- **AIM OF THE TASK**
Transcribe the listing that follows in full, omitting pictures.

- **DATASET CONTENT**
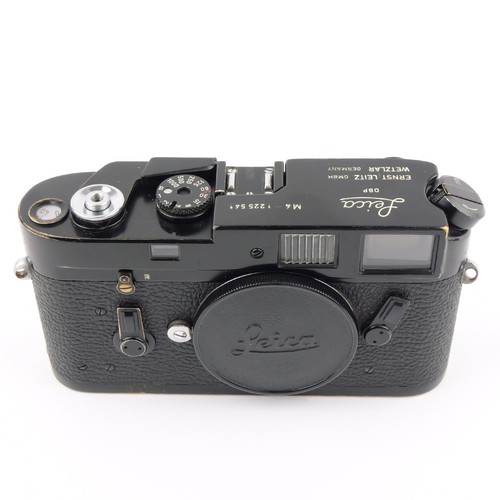 Leica vernice nera 1969 - leica, m4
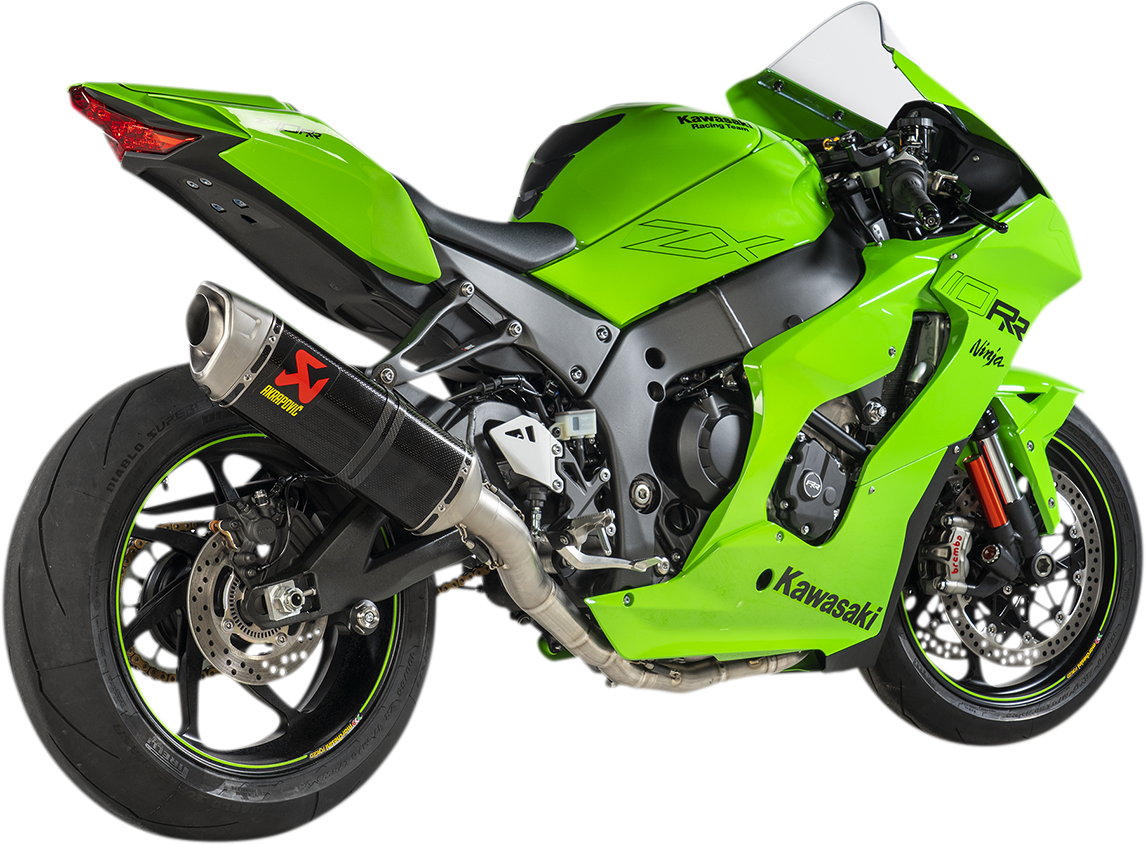Akrapovic Racing Line Exhaust System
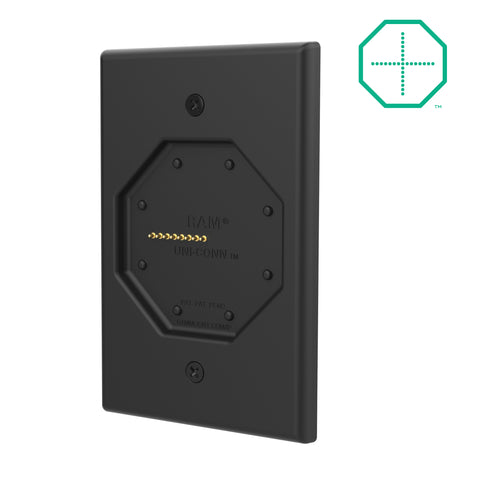 GDS® Uni-Conn™ Powered Low Profile Wall Dock with PoE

- **RESPONSE**
 Leica vernice nera 1969 - leica, m4
Akrapovic Racing Line Exhaust System
 GDS® Uni-Conn™ Powered Low Profile Wall Dock with PoE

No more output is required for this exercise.